▶ _Problem to solve_
Copy out exactly, from the entries that follow, the line holding "儿童鞋子春秋防水皮面男童户外运动鞋小学生软底男童跑鞋608", the line holding "LIKE NEW- Louis", and all lines between them, but no pictures.

▶ _Data for analysis_
◆ ◆ ◆ ◆ ◆
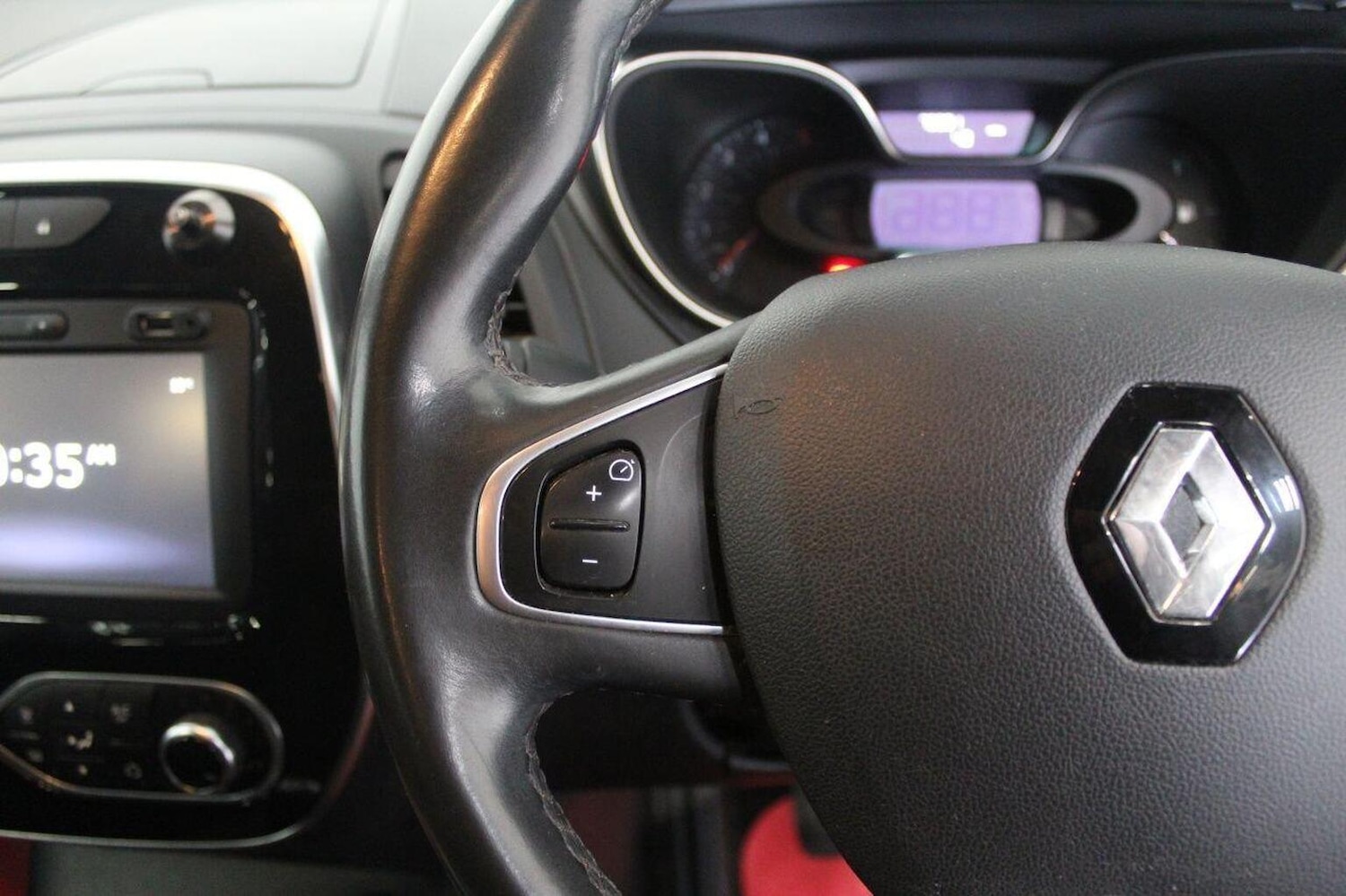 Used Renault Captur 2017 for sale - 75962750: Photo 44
◆ ◆ ◆ ◆ ◆
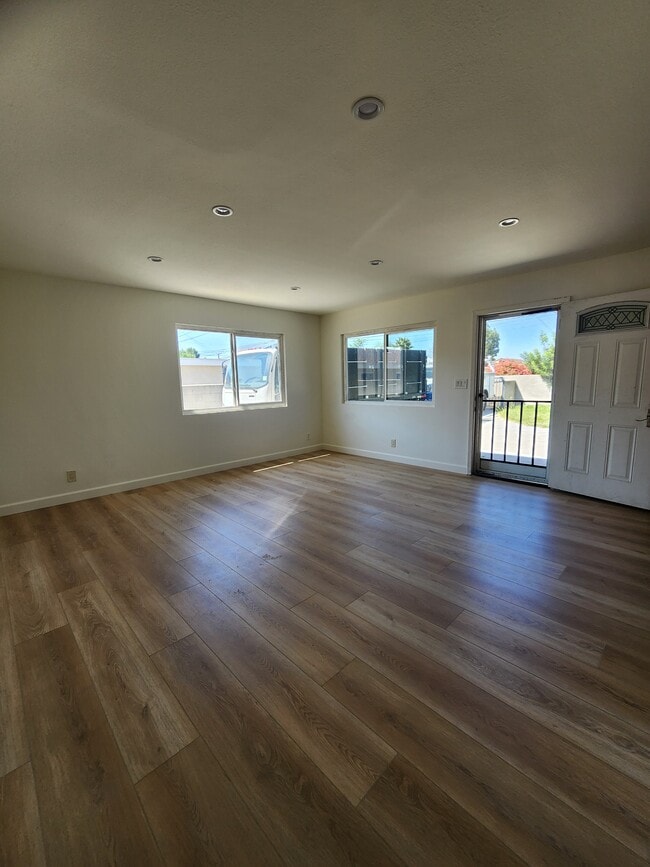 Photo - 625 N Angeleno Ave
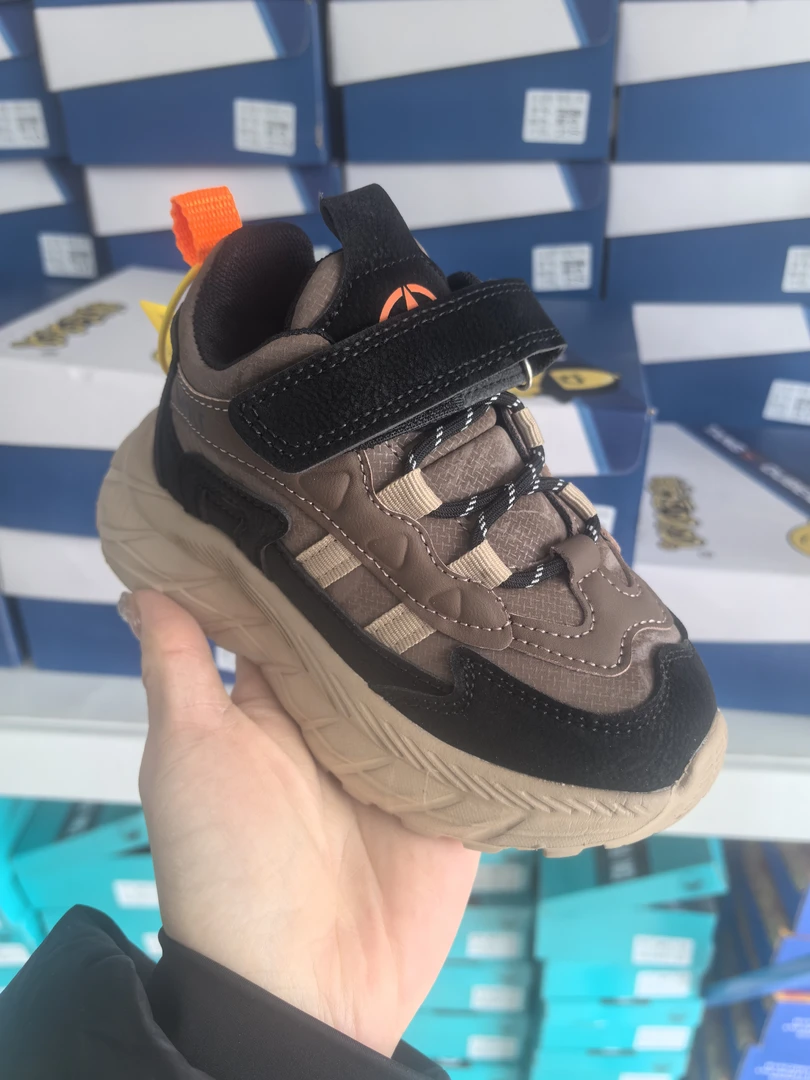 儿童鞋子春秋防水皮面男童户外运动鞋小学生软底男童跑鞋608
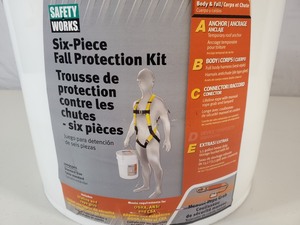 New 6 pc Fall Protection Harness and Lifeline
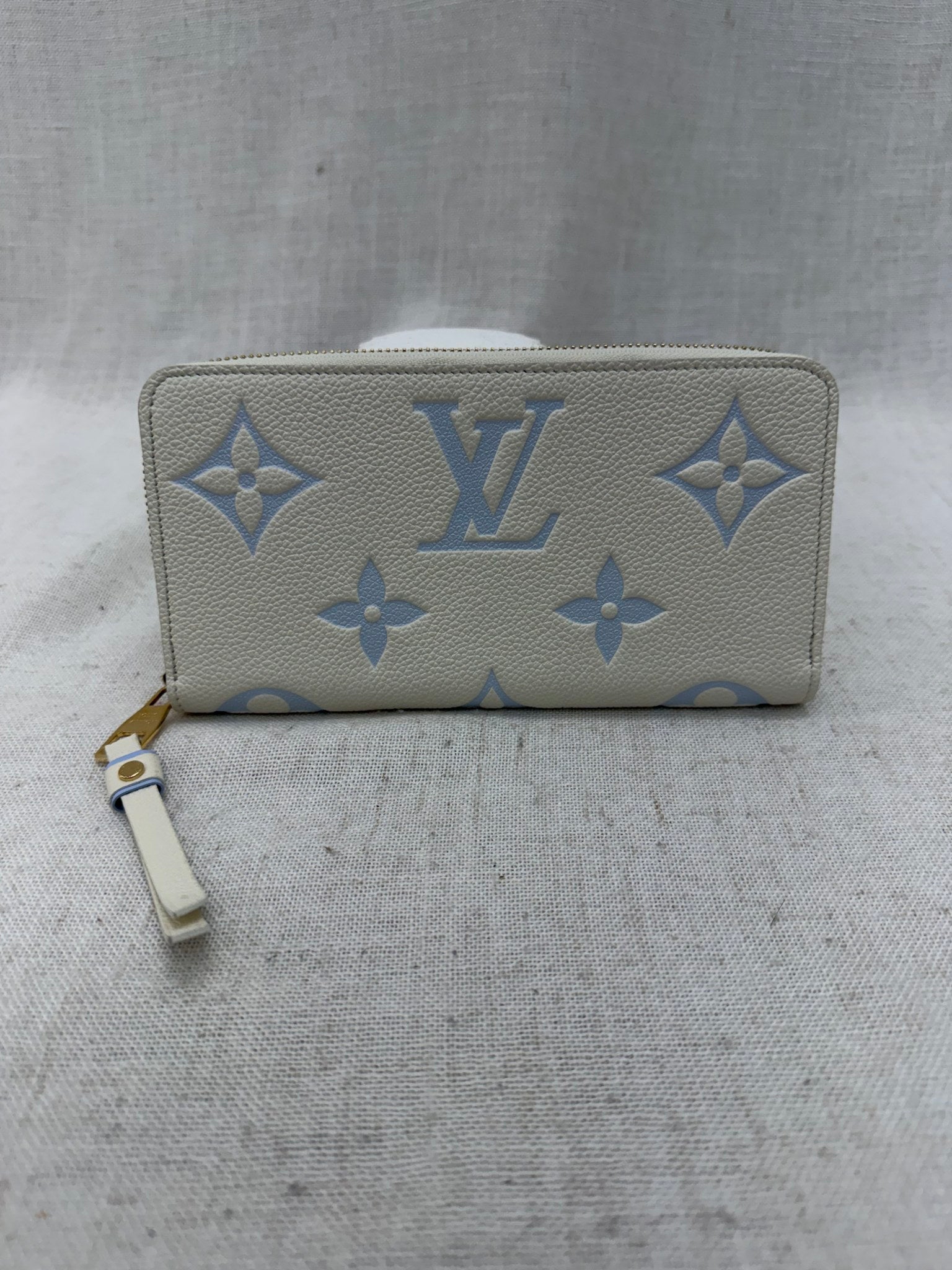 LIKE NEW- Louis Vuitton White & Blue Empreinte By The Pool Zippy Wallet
◆ ◆ ◆ ◆ ◆
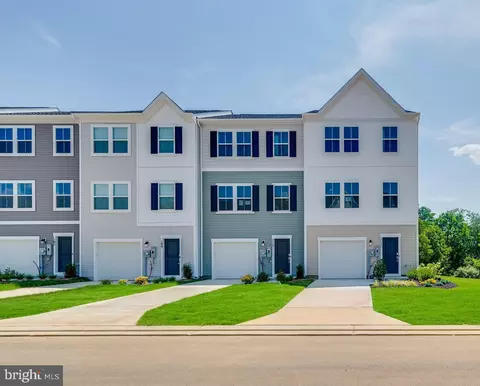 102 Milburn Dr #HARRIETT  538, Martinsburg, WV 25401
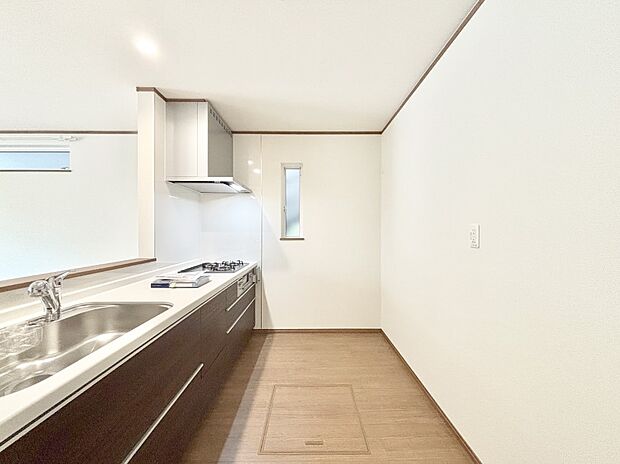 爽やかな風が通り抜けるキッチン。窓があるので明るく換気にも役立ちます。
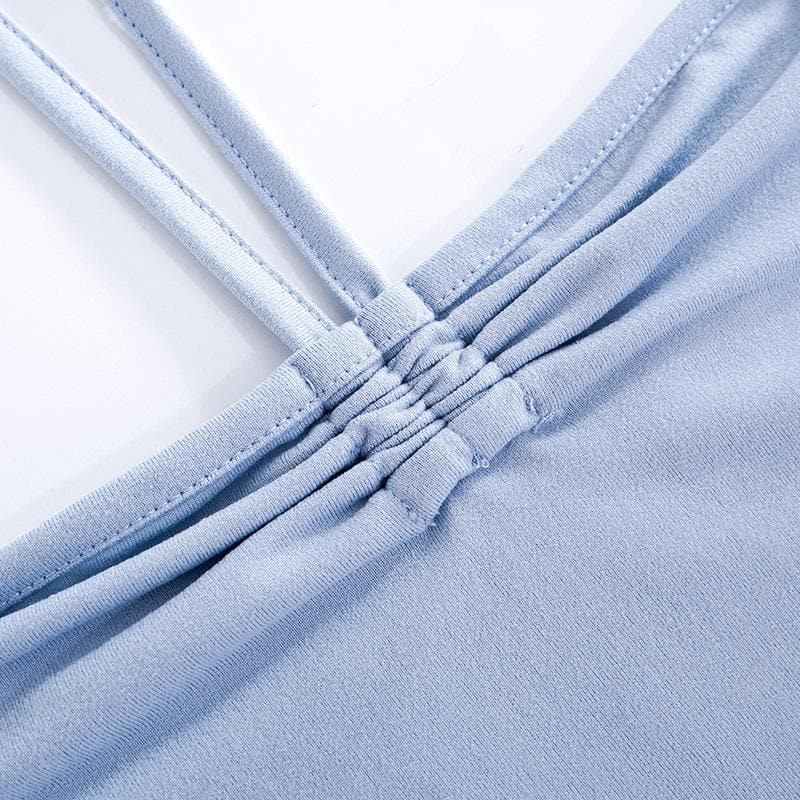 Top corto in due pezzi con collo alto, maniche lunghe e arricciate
◆ ◆ ◆ ◆ ◆
▶ _Task response_
 儿童鞋子春秋防水皮面男童户外运动鞋小学生软底男童跑鞋608
 New 6 pc Fall Protection Harness and Lifeline
 LIKE NEW- Louis Vuitton White & Blue Empreinte By The Pool Zippy Wallet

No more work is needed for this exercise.